[Start of Attachment]

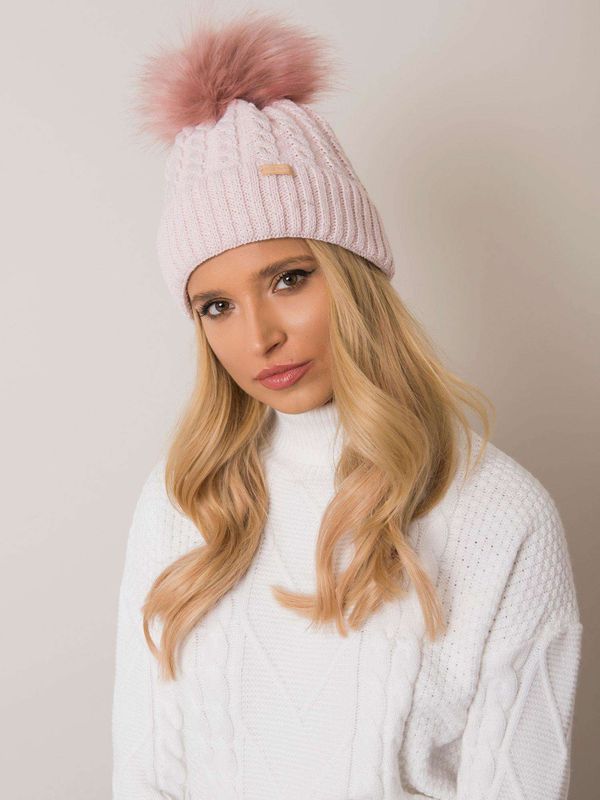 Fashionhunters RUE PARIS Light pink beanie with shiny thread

[End of Attachment]
[Start of Attachment]

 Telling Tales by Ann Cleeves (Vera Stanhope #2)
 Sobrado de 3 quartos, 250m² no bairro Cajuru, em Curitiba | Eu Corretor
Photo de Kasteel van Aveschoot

[End of Attachment]

What you return must be an exact retyping of the lines above starting at the line with "Sobrado de 3" and ending at the line with "Photo de Kasteel van Aveschoot", and nothing besides.

EXERCISE OUTPUT:
 Sobrado de 3 quartos, 250m² no bairro Cajuru, em Curitiba | Eu Corretor
Photo de Kasteel van Aveschoot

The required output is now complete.